Scraped caption text data:
______

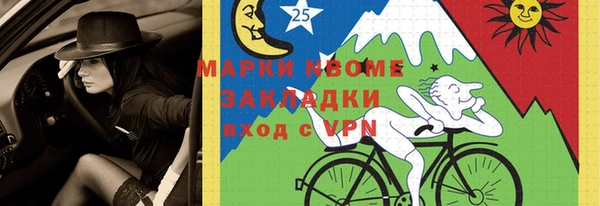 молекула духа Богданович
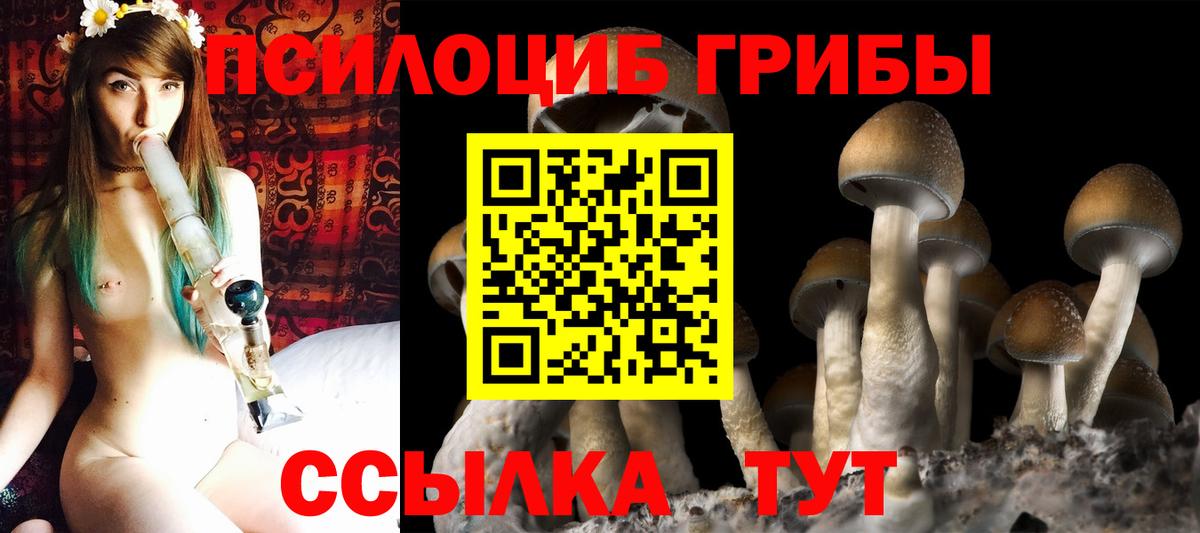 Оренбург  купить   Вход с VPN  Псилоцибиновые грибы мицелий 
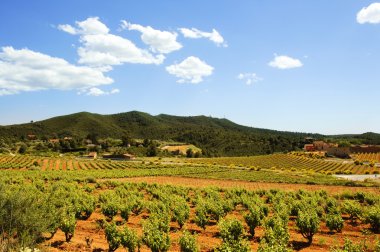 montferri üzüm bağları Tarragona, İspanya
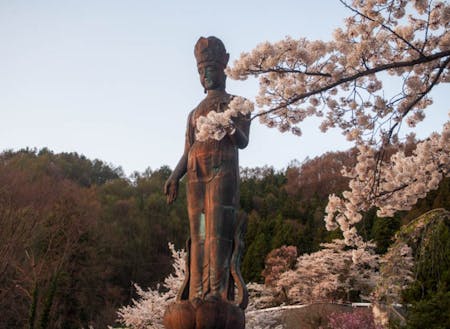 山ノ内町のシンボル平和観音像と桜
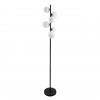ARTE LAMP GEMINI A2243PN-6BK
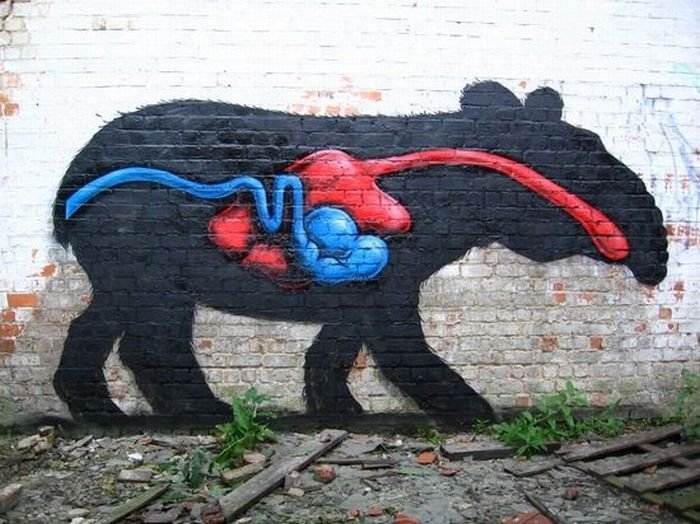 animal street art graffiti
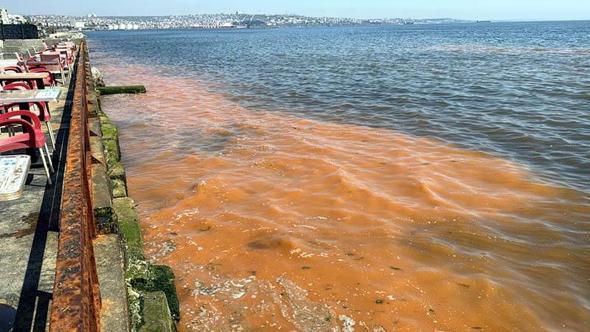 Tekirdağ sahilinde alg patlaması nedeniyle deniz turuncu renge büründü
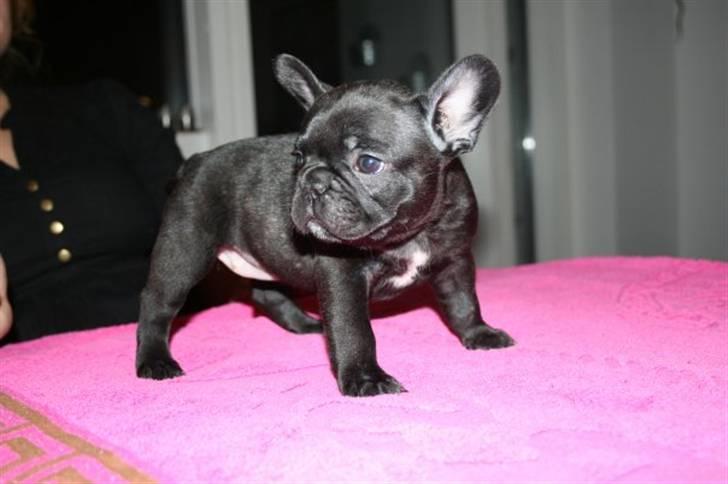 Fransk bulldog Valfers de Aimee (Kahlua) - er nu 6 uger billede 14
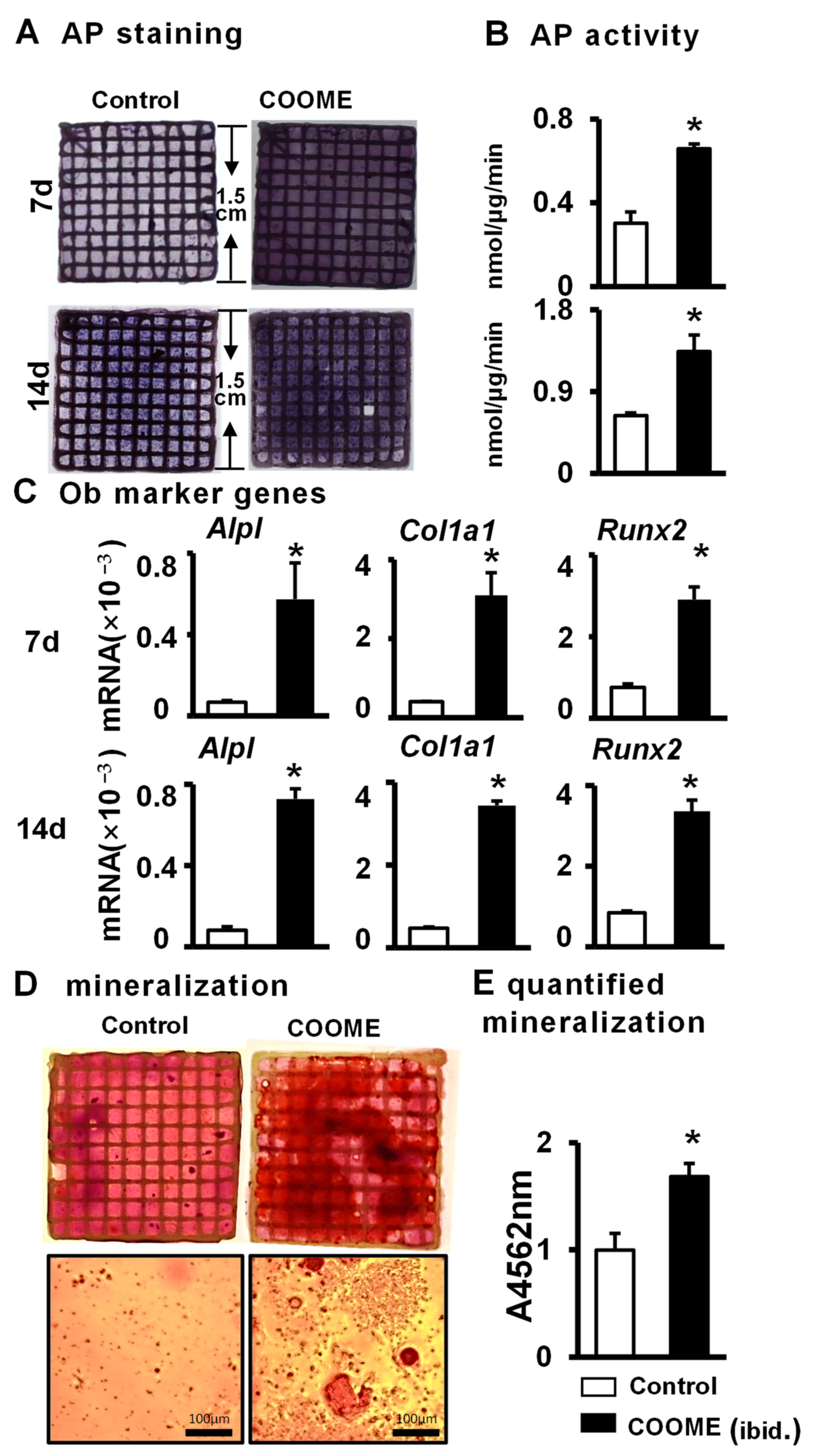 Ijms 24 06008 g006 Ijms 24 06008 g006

______

Required action:
Print every line of the data exactly. Pictures do not belong in the copy.

Response to the task:
 молекула духа Богданович
 Оренбург  купить   Вход с VPN  Псилоцибиновые грибы мицелий 
 montferri üzüm bağları Tarragona, İspanya
 山ノ内町のシンボル平和観音像と桜
ARTE LAMP GEMINI A2243PN-6BK
 animal street art graffiti
 Tekirdağ sahilinde alg patlaması nedeniyle deniz turuncu renge büründü
 Fransk bulldog Valfers de Aimee (Kahlua) - er nu 6 uger billede 14
 Ijms 24 06008 g006 Ijms 24 06008 g006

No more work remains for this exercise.